Despite premium changes, most Medicare patients who hit the new $2,000 out-of-pocket limit on prescription drugs will still see significant savings, according to one agency. Report AARP released Thursday.
Research results show hat This could be a huge benefit for older adults who struggle to afford expensive medications for cancer, rheumatoid arthritis and other serious illnesses. These seniors and other U.S. patients pay two to three times more for prescription drugs than people in other developed countries.
The restriction came into effect earlier this year. It’s one of the most important provisions in President Joe Biden’s 2022 inflation-cutting bill, which aims to reduce high drug costs, in addition to setting limits on every level of negotiations with manufacturers on insulin and Medicare drug prices. New cap of $35 per month.
The report found that of the more than 1 million Medicare Part D enrollees expected to reach the new cap in 2025, 94 percent will see their out-of-pocket costs, including premiums and cost-sharing, reduced, with an average savings of $2,474. The report, which analyzed information such as plan enrollment and premium data, showed total out-of-pocket expenses fell by an average of 48%.
This 1 million population does not include beneficiaries receiving certain medical insurance low income subsidy and those among employers exemption program.
The report said that by 2025, 62% of these 1 million enrollees are expected to save an average of more than $1,000, while 12% will save more than $5,000. The remaining 6% of Part D participants who are expected to reach the new cap are expected to have higher out-of-pocket costs, with an average additional expenditure of $268 in 2025, the report said.
Notably, the share of Part D enrollees with lower total out-of-pocket costs who reach the cap in 2025 is expected to be 95% or higher in 33 states and Washington, D.C.
“When you’re able to provide these types of savings, it frees up those funds for other really important things that (patients) might have to make trade-offs on, like paying for food or paying rent,” said Leigh Purvis. “Cost,” the head of prescription drug policy at the American Association of Retired Persons said in an interview. “This is a very meaningful impact, especially for people on fixed incomes.”

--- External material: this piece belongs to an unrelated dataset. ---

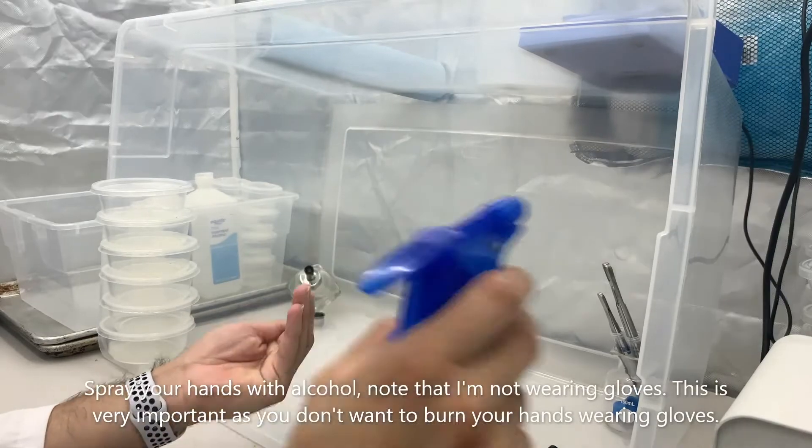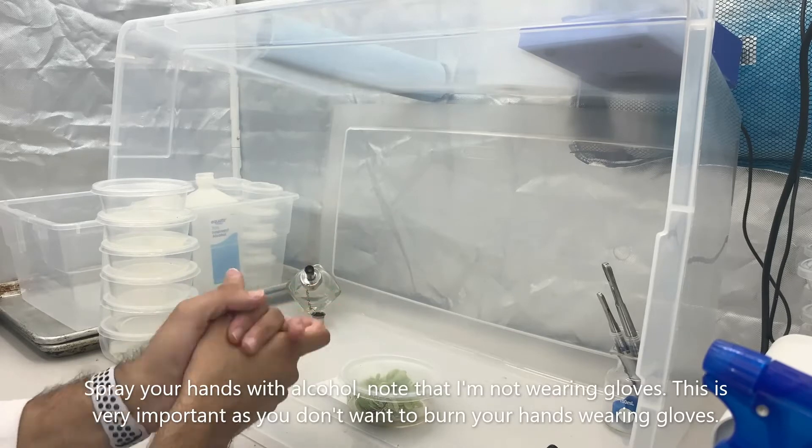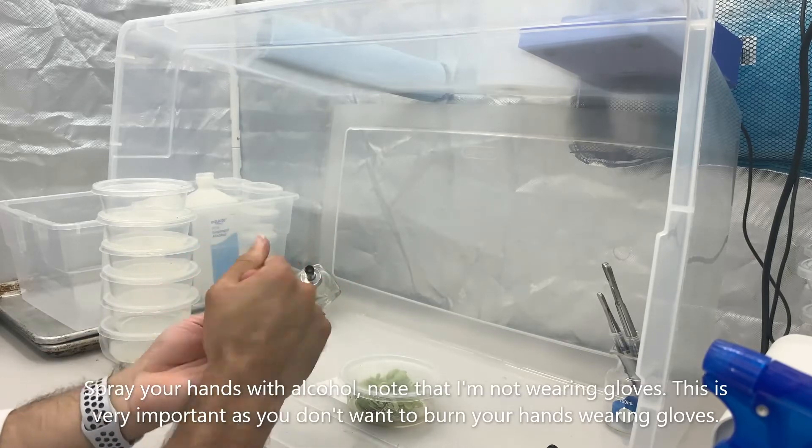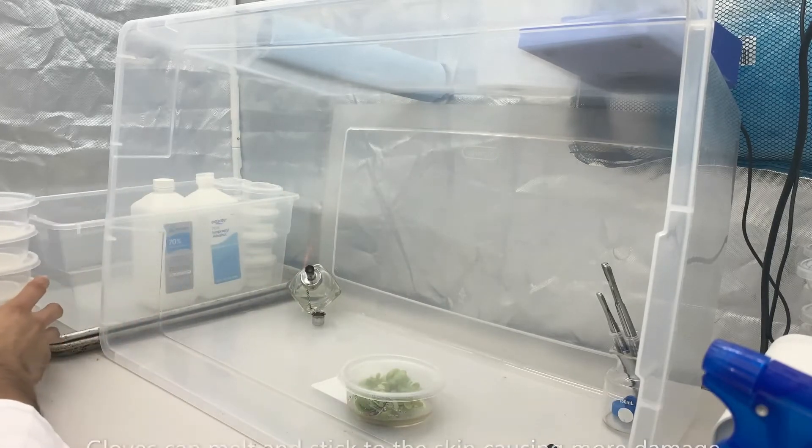Spray your hands when working in any sterile environment. You may note that he's not wearing any gloves. That's very important so you don't burn your hands. Gloves can melt and stick to the skin causing more damage.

She added that the median annual income for Medicare beneficiaries is about $36,000.
AARP said these savings were achieved despite changes to Part D premiums in 2025. Purvis said the new prices for the top 10 drugs chosen for Medicare negotiations and the expected lower costs won’t take effect until 2026, resulting in premium increases in some cases.
Critics have tried to blame the law for rising premiums and rising overall costs for Medicare enrollees, she said. But for most patients who hit the $2,000 cap, lower out-of-pocket costs will more than offset higher premiums, the report said.
With the first round of new negotiated prices for drugs set to take effect in 2026, the positive impact “will only get bigger,” the report said.
“Medicare is going to save a lot of money, so it’s really a much bigger story than it seems because those savings go to a lot of different people in a lot of different ways,” Purvis said.
a separate AARP report The study found that by 2025, an estimated 3.2 million Medicare beneficiaries will save money from the out-of-pocket cap.
According to statistics, Medicare covers approximately 66 million people in the United States, with 50.5 million patients enrolled in Part D plans 2023 data From the health policy research organization KFF.
The new price cap applies to all prescription drugs under Medicare Part D, but does not include drugs given to patients in hospitals or other medical settings, such as anesthesia and chemotherapy.
Before the change, people with Medicare typically had to pay $7,000 or more out of pocket for prescription drugs before qualifying for so-called “catastrophic coverage,” in which coverage kicks in and covers most of the drug costs.
Under this coverage, patients pay a small deductible or a percentage of the drug cost, usually 5%.